Advertisement

3 Killed After South Africa Warns of Tougher Action Against ‘Radicals’

Share
Times Staff Writer

Three people, including a 10-year-old boy, were shot to death by South African police Wednesday after the government warned that its security forces would not be intimidated by “radicals” and would take even tougher action than before to end the country’s civil unrest.

Two people were killed outside Cape Town when police repeatedly fired shotguns to disperse crowds of Colored (mixed-race) they said were throwing stones and firebombs at them and attacking nearby stores and passing cars. The third victim, a 21-year-old black, was killed near Bethall, 100 miles southeast of Johannesburg, after a mob stoned and firebombed police there.

The 10-year-old boy, shot in Elsie’s River, a predominantly Colored community 15 miles east of Cape Town, had been on an errand for his mother, witnesses said, when he was caught in a crowd police said had been throwing stones. He was killed and a 12-year-old companion seriously wounded, witnesses said, when police fired shotguns at the crowd.

Advertisement

In Valhalla Park, a segregated Colored township outside Cape Town, a police patrol was attacked several times with stones and bottles and had to shoot its way out, according to a police spokesman in Pretoria. In one of these incidents a man was killed, and in another a woman was seriously wounded.

Clash Over Schools

Throughout the day, police clashed with Colored youths seeking to reopen schools the government closed two weeks ago as “hotbeds of unrest.” Nearly 50 persons have been killed in Cape Town since the unrest there began Aug. 28.

In the city’s central district, police wielding whips broke up a demonstration outside the main police station by 50 relatives of anti-apartheid activists detained in the last month without charge under South Africa’s severe security laws. The laws permit people to be held in solitary confinement indefinitely without trial.

The demonstrators were seeking assurances that their relatives were safe, in light of recent allegations that prisoners have been tortured and beaten frequently.

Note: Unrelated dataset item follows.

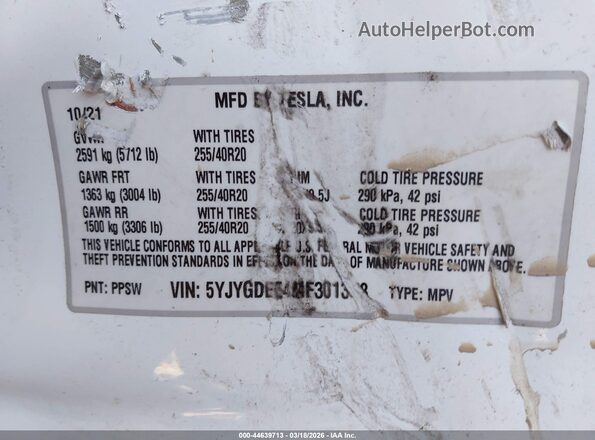 5YJYGDEE4MF301338 2021 TESLA MODEL Y White Вид підкапотного простору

During the demonstration, 20 people were arrested on charges of participating in an illegal gathering. A number of passers-by were caught in the melee as police, whips lashing out, charged down the street in pursuit of the protesters.

Violence at Funeral

In Atteridgeville, a black ghetto outside Pretoria, the national capital, police arrested 23 people when the funeral for a 4-year-old girl erupted in violence. She was killed by a rubber bullet fired by a policeman into her home last week.

Advertisement

Atteridgeville residents said police broke an agreement to stay away from the funeral and began to disperse the mourners with tear gas, but police said they acted only after 200 to 300 youths began to stone them and threw a firebomb at a shop there.

The tough police action followed a warning on state-run Radio South Africa that the police will not “be intimidated into allowing radicals to take over” the country’s black townships and that “effective police action” will be taken to end the continuing unrest.

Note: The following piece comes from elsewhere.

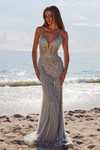 Nox Anabel R1715 Beaded Embellished V-Neck Fitted Dress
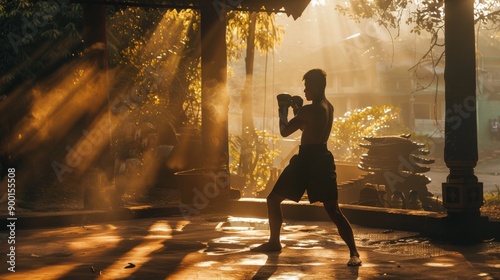 A Muay Thai fighter practicing shadow boxing in a traditional training camp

In Cape Town, the new police commissioner, Brigadier C. A. (Blackie) Swart, had declared on Monday that the police would react “with all the force at our disposal” to the riots there.

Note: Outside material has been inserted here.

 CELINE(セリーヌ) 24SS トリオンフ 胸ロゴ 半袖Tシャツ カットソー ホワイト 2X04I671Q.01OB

Meanwhile, South African defense headquarters in Pretoria announced Wednesday that its task force in Angola, about 500 troops in 12 motorized armored units, had pursued Namibian guerrillas of the South-West Africa People’s Organization about 20 miles into Angola, destroying one camp and an arms cache.

South African warplanes had bombed the guerrillas’ forward headquarters, the Defense Ministry said, but the results were not yet known. No casualties have yet been reported from the operation.

Military spokesmen, who previously boasted that South Africa had destroyed the guerrillas’ ability to launch any serious attacks, claimed that units in the border area were reinforced recently in preparation for a major offensive.

Advertisement

But, in contrast to assertions Monday that this was a preemptive strike, the spokesmen now describe it as “a follow-up operation” stemming from the capture of two guerrillas last week in Namibia (South-West Africa), which Pretoria continues to rule as a trust territory in defiance of U.N. resolutions calling for its independence.